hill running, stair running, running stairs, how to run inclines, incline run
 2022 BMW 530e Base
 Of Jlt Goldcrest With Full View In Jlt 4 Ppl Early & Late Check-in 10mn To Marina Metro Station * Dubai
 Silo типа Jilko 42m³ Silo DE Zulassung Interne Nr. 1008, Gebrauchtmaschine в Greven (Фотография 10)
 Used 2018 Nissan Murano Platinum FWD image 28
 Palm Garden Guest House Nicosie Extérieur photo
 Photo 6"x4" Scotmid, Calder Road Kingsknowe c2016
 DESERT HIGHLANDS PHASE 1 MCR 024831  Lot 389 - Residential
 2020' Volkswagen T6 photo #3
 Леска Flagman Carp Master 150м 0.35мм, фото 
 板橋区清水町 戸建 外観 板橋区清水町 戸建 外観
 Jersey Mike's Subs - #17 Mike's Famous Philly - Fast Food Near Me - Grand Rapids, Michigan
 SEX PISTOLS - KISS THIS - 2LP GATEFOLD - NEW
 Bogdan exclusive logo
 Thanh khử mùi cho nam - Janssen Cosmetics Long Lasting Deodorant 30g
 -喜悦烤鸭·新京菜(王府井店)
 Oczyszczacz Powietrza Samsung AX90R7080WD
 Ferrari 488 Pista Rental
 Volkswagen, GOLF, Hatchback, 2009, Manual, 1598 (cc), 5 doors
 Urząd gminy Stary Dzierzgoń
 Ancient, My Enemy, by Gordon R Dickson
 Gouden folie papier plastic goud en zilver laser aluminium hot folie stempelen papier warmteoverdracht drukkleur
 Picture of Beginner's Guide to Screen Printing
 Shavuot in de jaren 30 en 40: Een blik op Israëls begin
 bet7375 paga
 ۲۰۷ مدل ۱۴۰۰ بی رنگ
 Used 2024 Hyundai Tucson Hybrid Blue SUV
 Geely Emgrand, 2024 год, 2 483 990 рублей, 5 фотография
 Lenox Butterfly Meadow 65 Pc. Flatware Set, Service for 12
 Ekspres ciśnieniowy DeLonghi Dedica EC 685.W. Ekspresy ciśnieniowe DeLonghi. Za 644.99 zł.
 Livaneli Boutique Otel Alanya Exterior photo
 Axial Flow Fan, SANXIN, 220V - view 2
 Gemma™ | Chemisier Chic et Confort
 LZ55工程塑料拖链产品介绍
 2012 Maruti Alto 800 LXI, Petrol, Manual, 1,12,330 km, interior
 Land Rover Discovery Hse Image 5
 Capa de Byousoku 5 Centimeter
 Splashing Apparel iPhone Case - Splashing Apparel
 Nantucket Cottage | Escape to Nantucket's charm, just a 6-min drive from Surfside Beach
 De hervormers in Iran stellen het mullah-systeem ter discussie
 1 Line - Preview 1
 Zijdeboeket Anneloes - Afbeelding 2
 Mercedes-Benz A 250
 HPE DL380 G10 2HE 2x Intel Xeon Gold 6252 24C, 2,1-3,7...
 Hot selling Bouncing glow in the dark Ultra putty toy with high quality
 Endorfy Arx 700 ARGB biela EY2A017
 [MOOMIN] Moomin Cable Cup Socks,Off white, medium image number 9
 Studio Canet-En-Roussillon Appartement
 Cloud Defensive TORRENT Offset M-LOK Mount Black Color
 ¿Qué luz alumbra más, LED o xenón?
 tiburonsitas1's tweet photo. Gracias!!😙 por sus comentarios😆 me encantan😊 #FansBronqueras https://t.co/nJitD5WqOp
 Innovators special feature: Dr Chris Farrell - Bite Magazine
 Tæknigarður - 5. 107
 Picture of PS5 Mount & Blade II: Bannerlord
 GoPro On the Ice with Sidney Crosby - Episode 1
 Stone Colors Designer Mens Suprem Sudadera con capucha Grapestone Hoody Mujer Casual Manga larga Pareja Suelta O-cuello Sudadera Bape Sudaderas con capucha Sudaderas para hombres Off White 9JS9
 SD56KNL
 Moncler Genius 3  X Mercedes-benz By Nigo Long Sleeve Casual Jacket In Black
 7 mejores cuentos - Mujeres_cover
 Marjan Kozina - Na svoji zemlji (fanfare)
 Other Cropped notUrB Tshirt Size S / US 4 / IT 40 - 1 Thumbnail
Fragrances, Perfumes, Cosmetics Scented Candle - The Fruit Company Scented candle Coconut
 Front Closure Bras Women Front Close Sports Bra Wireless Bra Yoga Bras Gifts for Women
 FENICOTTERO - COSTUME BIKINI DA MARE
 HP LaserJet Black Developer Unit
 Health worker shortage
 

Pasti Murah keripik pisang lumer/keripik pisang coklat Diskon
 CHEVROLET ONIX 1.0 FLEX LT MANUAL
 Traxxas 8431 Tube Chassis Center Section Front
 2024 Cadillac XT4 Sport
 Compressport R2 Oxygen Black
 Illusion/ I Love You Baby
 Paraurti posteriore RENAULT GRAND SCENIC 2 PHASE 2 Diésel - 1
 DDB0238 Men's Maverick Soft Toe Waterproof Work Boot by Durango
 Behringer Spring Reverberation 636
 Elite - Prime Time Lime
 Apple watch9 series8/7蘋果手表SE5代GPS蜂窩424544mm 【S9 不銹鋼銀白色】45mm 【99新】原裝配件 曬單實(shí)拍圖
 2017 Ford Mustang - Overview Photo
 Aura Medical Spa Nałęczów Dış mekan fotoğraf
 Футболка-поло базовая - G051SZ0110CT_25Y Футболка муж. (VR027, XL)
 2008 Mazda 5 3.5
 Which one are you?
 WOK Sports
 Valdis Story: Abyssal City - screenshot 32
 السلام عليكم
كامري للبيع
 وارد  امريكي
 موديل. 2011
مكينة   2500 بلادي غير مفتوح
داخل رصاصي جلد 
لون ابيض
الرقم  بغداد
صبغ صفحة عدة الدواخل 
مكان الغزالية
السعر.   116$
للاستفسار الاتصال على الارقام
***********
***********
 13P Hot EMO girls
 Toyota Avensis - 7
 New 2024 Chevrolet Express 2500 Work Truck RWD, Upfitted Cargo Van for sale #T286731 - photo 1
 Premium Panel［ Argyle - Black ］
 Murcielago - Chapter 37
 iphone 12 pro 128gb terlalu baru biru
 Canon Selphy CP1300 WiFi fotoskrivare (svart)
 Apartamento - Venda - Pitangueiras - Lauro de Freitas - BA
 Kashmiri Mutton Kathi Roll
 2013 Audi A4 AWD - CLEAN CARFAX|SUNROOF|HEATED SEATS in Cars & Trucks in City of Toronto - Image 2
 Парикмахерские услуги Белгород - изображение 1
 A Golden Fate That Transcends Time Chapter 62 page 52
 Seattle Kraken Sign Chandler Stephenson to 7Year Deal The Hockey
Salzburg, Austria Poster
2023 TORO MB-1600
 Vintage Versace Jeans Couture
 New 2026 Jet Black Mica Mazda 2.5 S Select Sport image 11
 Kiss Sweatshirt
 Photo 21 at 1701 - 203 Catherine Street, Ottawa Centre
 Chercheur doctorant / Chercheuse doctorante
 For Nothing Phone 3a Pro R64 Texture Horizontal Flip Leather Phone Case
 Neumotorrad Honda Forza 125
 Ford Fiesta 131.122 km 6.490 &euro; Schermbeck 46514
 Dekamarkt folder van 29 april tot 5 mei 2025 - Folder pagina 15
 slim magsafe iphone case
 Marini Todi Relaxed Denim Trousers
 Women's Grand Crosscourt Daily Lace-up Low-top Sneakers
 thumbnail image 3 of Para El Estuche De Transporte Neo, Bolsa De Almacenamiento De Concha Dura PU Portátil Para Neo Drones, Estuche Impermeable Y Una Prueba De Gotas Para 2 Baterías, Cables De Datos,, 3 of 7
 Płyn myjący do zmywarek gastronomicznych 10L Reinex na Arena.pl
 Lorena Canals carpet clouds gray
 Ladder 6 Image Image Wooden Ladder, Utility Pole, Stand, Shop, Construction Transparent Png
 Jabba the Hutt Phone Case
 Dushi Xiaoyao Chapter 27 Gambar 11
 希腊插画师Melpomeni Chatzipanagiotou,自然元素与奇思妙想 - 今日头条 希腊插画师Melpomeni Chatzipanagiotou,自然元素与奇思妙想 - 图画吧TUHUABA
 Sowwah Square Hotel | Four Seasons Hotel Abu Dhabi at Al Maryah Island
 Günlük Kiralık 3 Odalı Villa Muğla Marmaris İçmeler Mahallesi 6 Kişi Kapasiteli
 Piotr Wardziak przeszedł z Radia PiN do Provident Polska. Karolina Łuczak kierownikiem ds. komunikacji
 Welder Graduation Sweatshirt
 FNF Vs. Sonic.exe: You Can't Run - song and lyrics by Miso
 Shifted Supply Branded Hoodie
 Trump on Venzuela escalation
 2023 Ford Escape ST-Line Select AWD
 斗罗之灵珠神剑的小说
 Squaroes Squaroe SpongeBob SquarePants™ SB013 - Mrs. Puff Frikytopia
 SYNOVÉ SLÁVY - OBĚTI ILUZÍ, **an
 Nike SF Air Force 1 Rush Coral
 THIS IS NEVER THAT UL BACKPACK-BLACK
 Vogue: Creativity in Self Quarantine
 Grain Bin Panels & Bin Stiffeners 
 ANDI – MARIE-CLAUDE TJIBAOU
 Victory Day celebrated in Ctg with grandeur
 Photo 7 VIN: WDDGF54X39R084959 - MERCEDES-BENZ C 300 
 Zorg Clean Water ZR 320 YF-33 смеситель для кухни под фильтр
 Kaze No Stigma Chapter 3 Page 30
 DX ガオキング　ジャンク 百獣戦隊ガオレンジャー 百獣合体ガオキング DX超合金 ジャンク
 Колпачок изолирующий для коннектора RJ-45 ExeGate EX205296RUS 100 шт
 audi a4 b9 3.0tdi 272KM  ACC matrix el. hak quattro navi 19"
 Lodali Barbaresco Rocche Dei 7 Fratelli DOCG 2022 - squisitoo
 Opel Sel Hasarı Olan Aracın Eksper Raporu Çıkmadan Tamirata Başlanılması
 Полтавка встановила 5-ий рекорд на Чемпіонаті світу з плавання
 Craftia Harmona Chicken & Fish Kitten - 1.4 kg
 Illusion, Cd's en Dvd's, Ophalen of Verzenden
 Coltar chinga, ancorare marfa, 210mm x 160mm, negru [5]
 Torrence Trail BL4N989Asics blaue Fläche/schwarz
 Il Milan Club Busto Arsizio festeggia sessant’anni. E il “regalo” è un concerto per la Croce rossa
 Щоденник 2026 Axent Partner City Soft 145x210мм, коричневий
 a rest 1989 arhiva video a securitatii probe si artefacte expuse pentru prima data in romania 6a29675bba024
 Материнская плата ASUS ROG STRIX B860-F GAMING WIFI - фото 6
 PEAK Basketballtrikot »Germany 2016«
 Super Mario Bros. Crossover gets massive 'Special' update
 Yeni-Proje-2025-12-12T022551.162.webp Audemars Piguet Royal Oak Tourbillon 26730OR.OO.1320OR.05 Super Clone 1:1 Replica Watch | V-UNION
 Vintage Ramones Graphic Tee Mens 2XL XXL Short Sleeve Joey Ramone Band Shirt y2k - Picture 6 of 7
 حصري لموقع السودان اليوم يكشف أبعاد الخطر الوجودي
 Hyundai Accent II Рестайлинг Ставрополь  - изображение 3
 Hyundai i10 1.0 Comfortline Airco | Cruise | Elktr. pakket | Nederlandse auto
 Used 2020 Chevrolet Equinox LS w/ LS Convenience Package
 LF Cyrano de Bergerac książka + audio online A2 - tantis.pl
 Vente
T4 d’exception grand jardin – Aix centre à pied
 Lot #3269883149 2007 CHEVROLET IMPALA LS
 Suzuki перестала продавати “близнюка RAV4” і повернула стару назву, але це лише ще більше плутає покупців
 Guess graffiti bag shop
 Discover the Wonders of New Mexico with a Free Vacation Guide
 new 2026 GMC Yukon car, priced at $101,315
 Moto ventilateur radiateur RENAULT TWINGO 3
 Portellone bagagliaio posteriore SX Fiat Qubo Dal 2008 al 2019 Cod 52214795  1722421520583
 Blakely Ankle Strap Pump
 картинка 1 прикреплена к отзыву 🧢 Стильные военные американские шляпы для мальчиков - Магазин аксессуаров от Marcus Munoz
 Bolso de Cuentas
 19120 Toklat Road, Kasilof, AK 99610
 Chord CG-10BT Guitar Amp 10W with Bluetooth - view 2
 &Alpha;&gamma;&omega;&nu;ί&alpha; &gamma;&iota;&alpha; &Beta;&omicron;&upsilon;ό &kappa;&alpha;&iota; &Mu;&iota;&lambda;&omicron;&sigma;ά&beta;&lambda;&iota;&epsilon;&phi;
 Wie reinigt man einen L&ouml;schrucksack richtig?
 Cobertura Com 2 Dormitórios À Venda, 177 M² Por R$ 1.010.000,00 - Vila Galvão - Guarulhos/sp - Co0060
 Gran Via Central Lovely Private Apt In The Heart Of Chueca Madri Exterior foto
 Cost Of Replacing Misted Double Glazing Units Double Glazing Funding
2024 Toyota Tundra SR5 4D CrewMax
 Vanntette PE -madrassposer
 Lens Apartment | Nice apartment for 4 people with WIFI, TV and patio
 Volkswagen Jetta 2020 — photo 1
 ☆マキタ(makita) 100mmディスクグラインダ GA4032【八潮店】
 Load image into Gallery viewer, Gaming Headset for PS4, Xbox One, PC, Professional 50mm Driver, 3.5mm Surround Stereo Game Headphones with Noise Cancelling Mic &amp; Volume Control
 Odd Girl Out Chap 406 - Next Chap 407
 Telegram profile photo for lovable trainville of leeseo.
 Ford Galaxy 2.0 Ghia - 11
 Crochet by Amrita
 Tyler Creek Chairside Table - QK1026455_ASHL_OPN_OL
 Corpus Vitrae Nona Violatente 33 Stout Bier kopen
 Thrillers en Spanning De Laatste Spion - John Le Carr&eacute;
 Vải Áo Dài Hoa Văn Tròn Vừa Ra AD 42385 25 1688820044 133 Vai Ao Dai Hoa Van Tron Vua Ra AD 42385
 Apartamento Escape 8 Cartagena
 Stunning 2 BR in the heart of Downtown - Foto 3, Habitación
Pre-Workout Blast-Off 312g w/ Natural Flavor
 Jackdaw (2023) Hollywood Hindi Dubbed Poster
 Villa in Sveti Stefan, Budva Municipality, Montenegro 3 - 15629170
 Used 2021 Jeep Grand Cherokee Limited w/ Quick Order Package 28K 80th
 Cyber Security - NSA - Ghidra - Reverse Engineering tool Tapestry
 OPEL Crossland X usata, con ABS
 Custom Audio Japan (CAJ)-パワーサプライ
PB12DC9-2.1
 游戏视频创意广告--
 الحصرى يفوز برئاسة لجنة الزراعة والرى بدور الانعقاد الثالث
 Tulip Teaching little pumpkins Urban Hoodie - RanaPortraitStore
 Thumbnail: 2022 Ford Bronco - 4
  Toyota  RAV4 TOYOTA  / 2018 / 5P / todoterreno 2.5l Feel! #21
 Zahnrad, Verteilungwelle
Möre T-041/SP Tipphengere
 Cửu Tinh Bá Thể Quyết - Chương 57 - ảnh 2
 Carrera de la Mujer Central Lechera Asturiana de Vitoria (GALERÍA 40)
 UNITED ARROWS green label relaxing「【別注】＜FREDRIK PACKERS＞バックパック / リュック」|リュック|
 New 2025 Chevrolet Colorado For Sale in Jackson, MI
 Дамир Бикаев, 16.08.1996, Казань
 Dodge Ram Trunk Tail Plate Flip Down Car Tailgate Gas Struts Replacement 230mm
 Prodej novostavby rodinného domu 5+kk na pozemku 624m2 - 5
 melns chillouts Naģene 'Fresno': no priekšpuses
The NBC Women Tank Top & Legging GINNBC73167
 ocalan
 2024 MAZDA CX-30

■ Your objective ■
For this exercise, output exactly the lines above from the line with "Футболка-поло базовая - G051SZ0110CT_25Y" to the line with "2013 Audi A4", counting both, and leave out the rest.

■ Answer to this task ■
 Футболка-поло базовая - G051SZ0110CT_25Y Футболка муж. (VR027, XL)
 2008 Mazda 5 3.5
 Which one are you?
 WOK Sports
 Valdis Story: Abyssal City - screenshot 32
 السلام عليكم
كامري للبيع
 وارد  امريكي
 موديل. 2011
مكينة   2500 بلادي غير مفتوح
داخل رصاصي جلد 
لون ابيض
الرقم  بغداد
صبغ صفحة عدة الدواخل 
مكان الغزالية
السعر.   116$
للاستفسار الاتصال على الارقام
***********
***********
 13P Hot EMO girls
 Toyota Avensis - 7
 New 2024 Chevrolet Express 2500 Work Truck RWD, Upfitted Cargo Van for sale #T286731 - photo 1
 Premium Panel［ Argyle - Black ］
 Murcielago - Chapter 37
 iphone 12 pro 128gb terlalu baru biru
 Canon Selphy CP1300 WiFi fotoskrivare (svart)
 Apartamento - Venda - Pitangueiras - Lauro de Freitas - BA
 Kashmiri Mutton Kathi Roll
 2013 Audi A4 AWD - CLEAN CARFAX|SUNROOF|HEATED SEATS in Cars & Trucks in City of Toronto - Image 2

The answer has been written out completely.